Entidades veem falhas e cobram maior debate sobre estratégia nacional de transformação digital

Coalizão Direitos na Rede, Intervozes, Nupef e outros reclamam que falta de referências ao debate dificulta entendimento da população sobre os objetivos de uma nova política.

Dez entidades da sociedade civil apresentaram uma série de pedidos ao Comitê Interministerial para a Transformação Digital, vinculado à Casa Civil da Presidência da República, sobre a forma como o governo está conduzindo a consulta pública para elaborar a Estratégia Nacional de Transformação Digital. O documento foi articulado a partir da Rede pela Soberania e é assinado por organizações como a Coalizão Direitos na Rede, o Coletivo Intervozes, o Instituto Nupef, a Open Knowledge Brasil e a Transparência Brasil, entre outras.

O ponto de partida é a Portaria CC/PR Nº 730, publicada em 6 de fevereiro de 2026, que abriu uma chamada pública para coletar contribuições da sociedade com o objetivo de construir a estratégia digital do país para os próximos anos, com horizonte até 2031. O processo envolve seis grandes perguntas sobre temas como tendências do mundo digital, desafios estruturais do Brasil e oportunidades no cenário geopolítico.

As entidades reconhecem a importância da iniciativa.
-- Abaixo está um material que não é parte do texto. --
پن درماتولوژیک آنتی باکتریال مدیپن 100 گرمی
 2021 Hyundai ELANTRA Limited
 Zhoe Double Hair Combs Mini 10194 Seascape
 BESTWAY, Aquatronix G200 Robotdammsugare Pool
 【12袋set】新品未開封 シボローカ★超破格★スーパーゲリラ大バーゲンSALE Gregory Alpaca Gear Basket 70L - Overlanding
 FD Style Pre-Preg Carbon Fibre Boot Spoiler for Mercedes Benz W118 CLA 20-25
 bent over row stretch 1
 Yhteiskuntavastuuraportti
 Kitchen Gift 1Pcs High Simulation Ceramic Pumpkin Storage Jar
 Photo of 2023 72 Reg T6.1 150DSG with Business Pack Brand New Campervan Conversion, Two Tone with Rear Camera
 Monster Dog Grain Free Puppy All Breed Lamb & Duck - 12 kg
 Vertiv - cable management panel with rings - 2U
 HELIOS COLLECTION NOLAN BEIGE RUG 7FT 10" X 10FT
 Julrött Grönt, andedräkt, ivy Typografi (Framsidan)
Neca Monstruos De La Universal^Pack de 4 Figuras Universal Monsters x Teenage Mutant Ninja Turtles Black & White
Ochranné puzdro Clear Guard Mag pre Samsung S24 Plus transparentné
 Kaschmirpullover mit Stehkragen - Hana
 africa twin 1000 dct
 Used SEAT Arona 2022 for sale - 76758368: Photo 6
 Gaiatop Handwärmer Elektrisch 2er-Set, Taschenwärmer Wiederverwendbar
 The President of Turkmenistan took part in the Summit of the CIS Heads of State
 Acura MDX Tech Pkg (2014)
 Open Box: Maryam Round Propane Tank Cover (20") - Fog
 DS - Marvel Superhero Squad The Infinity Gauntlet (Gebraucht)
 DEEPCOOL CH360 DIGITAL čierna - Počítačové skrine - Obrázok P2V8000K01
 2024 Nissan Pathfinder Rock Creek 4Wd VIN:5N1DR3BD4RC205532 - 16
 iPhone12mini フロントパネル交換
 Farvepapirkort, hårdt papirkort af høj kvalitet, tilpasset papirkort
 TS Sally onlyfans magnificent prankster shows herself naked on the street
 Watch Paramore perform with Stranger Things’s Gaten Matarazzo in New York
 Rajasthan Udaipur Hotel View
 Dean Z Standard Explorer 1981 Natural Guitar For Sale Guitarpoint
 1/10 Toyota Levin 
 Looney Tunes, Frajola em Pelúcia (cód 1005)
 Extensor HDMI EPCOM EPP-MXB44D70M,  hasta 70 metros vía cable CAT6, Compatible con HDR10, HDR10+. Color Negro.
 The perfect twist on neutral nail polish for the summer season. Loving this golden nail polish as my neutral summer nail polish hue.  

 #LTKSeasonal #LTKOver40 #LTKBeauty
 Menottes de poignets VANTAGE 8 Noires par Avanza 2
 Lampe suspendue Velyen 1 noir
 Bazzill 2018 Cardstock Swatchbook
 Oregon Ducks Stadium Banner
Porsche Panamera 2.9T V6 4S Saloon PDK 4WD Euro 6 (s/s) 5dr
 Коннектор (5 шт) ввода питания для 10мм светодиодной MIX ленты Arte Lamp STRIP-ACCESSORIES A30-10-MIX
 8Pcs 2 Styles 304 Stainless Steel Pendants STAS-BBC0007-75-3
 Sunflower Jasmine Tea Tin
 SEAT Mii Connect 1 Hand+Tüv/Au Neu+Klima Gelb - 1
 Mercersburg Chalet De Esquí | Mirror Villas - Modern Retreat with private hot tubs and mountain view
No ofício, elas elogiam o governo por buscar participação popular na formulação de políticas públicas para a área digital, especialmente diante dos riscos que as novas tecnologias representam para direitos fundamentais, meio ambiente e soberania nacional, num contexto dominado por grandes empresas norte-americanas que, segundo o texto, “atuam fortemente contra a regulação”.

Apesar do reconhecimento, as organizações apontam falhas sérias no formato da consulta. A primeira delas é o prazo: pouco mais de 30 dias para responder perguntas de tamanha complexidade é considerado insuficiente, e as entidades pedem que ele seja ampliado para 90 dias.

Além do tempo, as organizações argumentam que o governo deveria realizar audiências públicas presenciais antes de receber contribuições escritas. Esses espaços serviriam para explicar os temas em debate, apresentar o posicionamento dos ministérios envolvidos e esclarecer como o Brasil tem negociado acordos internacionais na área digital.


Outro problema apontado é a ausência de um documento de referência. As perguntas foram publicadas sem qualquer texto de apoio que contextualize o debate e apresente as perspectivas do governo. Sem esse material, argumentam as signatárias, fica difícil para a população em geral, e não apenas para especialistas e empresas, formular contribuições qualificadas. Por fim, as entidades também cobram a publicação de um calendário completo com todas as etapas do processo, desde a consulta até a aprovação final da estratégia.

Para as entidades, o problema não é apenas técnico, mas político. Sem essas condições mínimas, a consulta pública tende a ser respondida apenas por “iniciados e agentes econômicos que atuam no mercado”, excluindo setores mais amplos da sociedade. O texto do ofício deixa claro que esse não deveria ser o objetivo de um governo que se propõe a construir uma estratégia digital de forma participativa e democrática.